*** DATASET ENTRIES ***
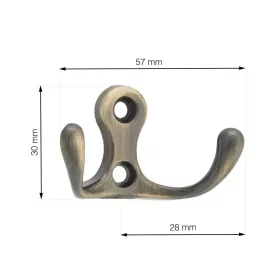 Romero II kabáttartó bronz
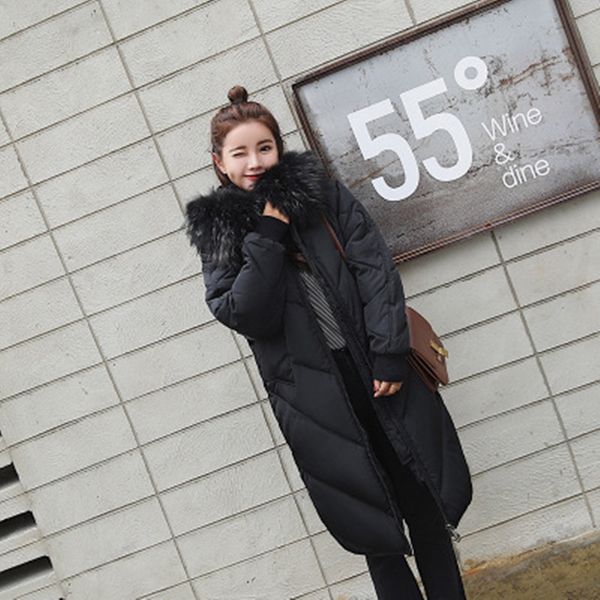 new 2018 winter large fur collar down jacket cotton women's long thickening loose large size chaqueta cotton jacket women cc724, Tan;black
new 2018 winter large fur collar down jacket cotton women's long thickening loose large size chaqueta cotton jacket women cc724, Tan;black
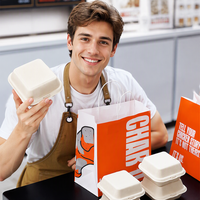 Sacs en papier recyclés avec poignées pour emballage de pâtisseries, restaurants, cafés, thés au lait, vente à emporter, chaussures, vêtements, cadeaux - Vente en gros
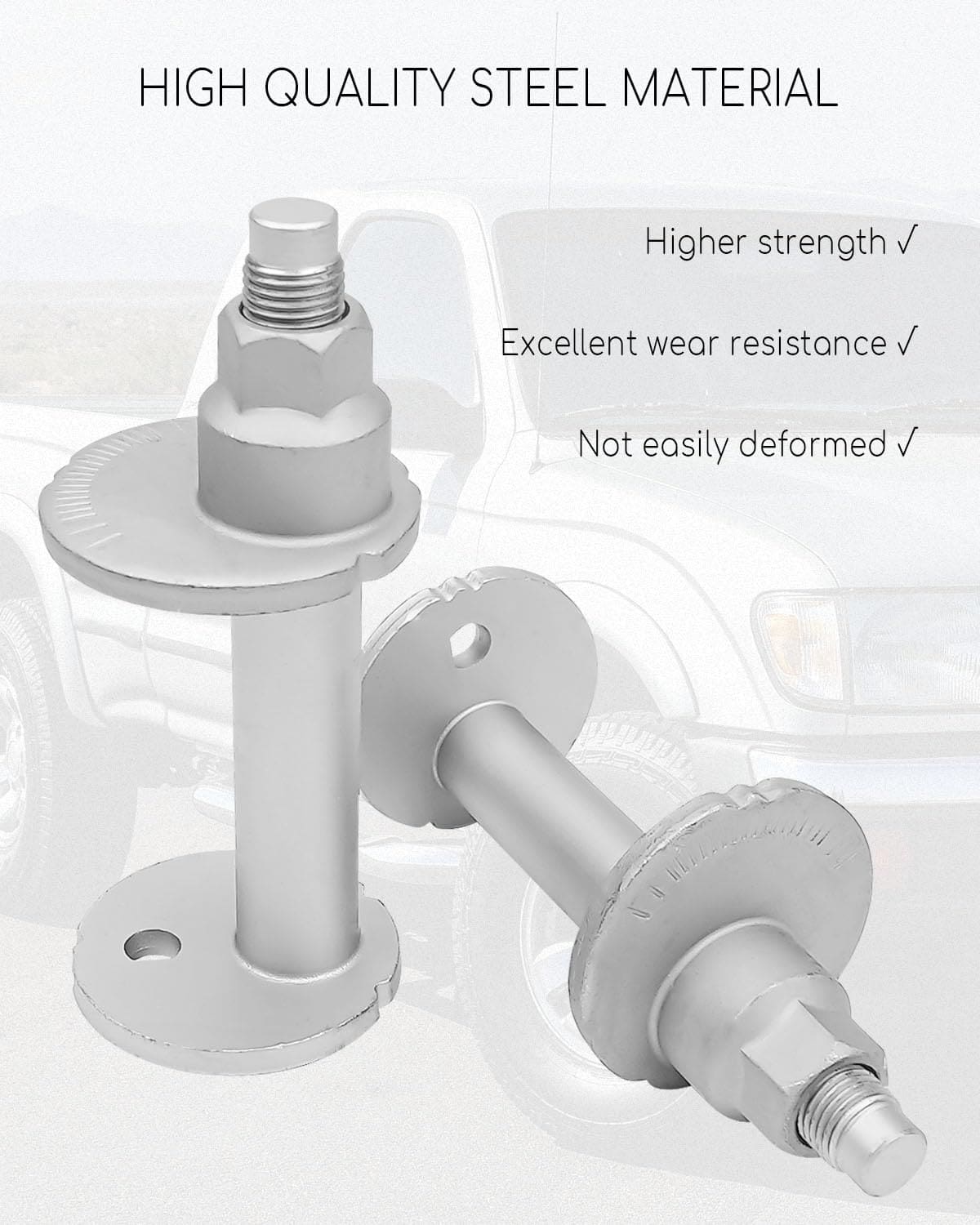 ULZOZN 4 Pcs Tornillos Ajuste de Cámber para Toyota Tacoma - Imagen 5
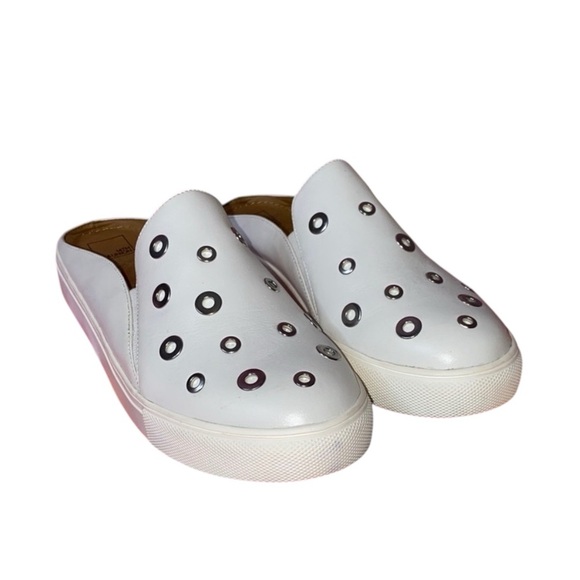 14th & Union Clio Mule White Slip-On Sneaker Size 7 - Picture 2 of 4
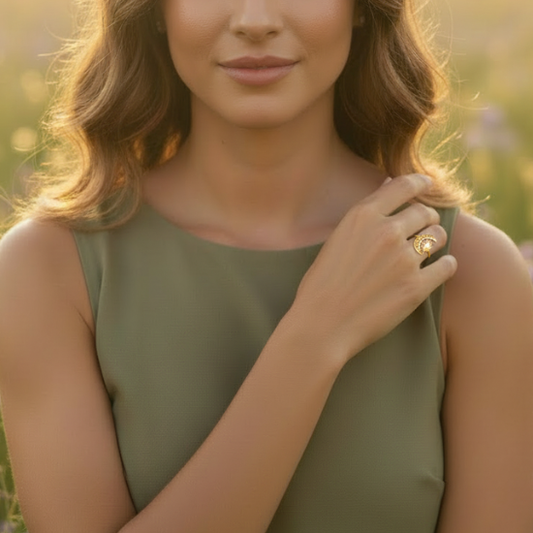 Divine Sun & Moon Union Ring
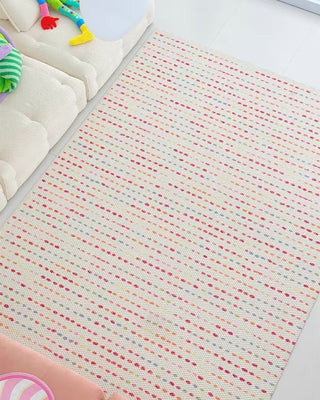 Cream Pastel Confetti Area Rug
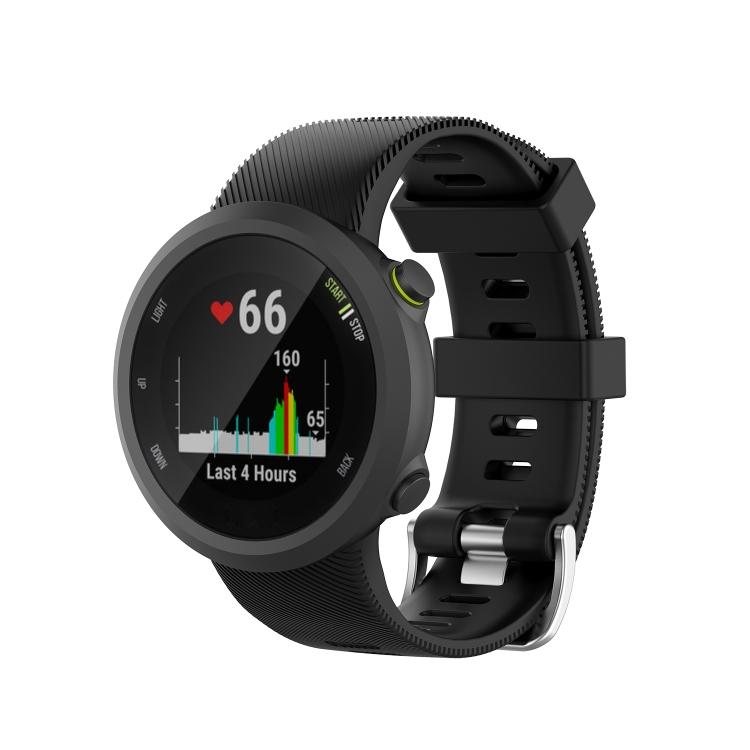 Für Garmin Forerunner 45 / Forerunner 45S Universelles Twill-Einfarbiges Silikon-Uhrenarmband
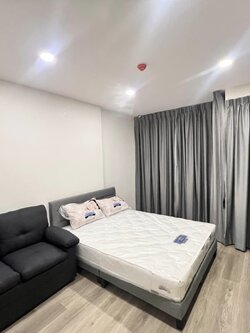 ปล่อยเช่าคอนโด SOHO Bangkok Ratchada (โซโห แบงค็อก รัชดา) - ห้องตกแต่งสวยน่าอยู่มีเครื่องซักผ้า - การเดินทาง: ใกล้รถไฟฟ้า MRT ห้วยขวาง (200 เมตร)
*** End of DATASET ENTRIES ***
EXERCISE GOAL >> No pictures should appear in the copy, which holds exactly the lines from the first line of the data through the line with "Sacs en papier" and nothing else.

ANSWER SPACE >>
 Romero II kabáttartó bronz
 new 2018 winter large fur collar down jacket cotton women's long thickening loose large size chaqueta cotton jacket women cc724, Tan;black
new 2018 winter large fur collar down jacket cotton women's long thickening loose large size chaqueta cotton jacket women cc724, Tan;black
 Sacs en papier recyclés avec poignées pour emballage de pâtisseries, restaurants, cafés, thés au lait, vente à emporter, chaussures, vêtements, cadeaux - Vente en gros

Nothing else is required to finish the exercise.